The Campaign to re-brand the social scientist – The public re-construction of a diverse discipline

August 18, 2011 1160

Re-posted from the Campaign for the Social Sciences

The social sciences are vital in understanding the social world but unlike the natural sciences, they lack the powerful popular imagery to entice people to study them. Set again this background, the Campaign for Social Science was set up to help define an identity for this diverse discipline in the public eye.
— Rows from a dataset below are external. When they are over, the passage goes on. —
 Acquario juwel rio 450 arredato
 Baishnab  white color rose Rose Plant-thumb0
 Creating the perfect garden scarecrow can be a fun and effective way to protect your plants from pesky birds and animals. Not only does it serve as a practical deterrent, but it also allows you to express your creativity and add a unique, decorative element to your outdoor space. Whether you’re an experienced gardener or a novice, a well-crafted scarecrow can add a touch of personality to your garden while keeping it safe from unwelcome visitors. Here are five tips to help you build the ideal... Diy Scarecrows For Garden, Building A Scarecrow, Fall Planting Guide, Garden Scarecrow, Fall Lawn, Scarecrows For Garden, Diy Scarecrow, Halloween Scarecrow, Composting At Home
Kate Roach is a science communicator who here discusses the importance of putting the social sciences firmly back into the potent realm of popular discourse where, she argues, it belongs.1 In this fascinating article for GMT, she uses dashes of humour, discourse analysis and popular imagery to describe the necessity of the task.

The recently inaugurated Campaign for Social Science has set its sights on promoting its brand of knowledge to public, press and powers that be. It is an unusually conscious bid to create a popular vision of social science in the UK and beyond.2 Its aims to mirror those of a group calling themselves Save British Science, which was instigated in the 1980’s by a few natural scientists who, perceiving a popular and professional science malaise, became concerned about dwindling funds.

Social scientists now face the same challenge. If the amount of natural science now in press, on-line and on television is anything to go by, the natural science effort has been a success and, in the course of this, it has rather highlighted the public plight of its poor cousin; the social science.

Natural scientists do have distinct advantages when plying their trade in public. Their science is the partner of technology and it can make exciting things like play stations, three-D films and smart phones. It is also a particular type of knowledge that is amassed with an affirming touch of techno-magic. Only think of the imagery of science – scanners that see slices through our bodies; rabbits that glow in the dark; sixteen mile long particle accelerators that make antimatter; robots; space stations; satellites; and on and on. Image may seem like an irrelevance or an unnecessarily shallow approach to a serious issue. Yet, it is a serious business. Joe Public is apparently more likely to see research as valuable and worth funding when its method includes a dash of the techno. A brain scan packs more power than a pie chart it seems.

This is perhaps one reason why natural science can hold a powerful position in public. It is bestowed with its own dedicated pages that are written by its own specialist journalists who see social science as a minor backwater. Yet most of what is in the daily papers is typical fodder for the social scientist – crime, conflict, finance, fashion, politics or gossip. The reporters who write these stories are not specialist social science writers, but they are experts of the social world. That is their heritage as journalists. And there is the rub for social science because such journalists often do not feel the need to go outside their own investigative sphere to be able to report on what people do. This is the situation that the Campaign for Social Science seeks to change.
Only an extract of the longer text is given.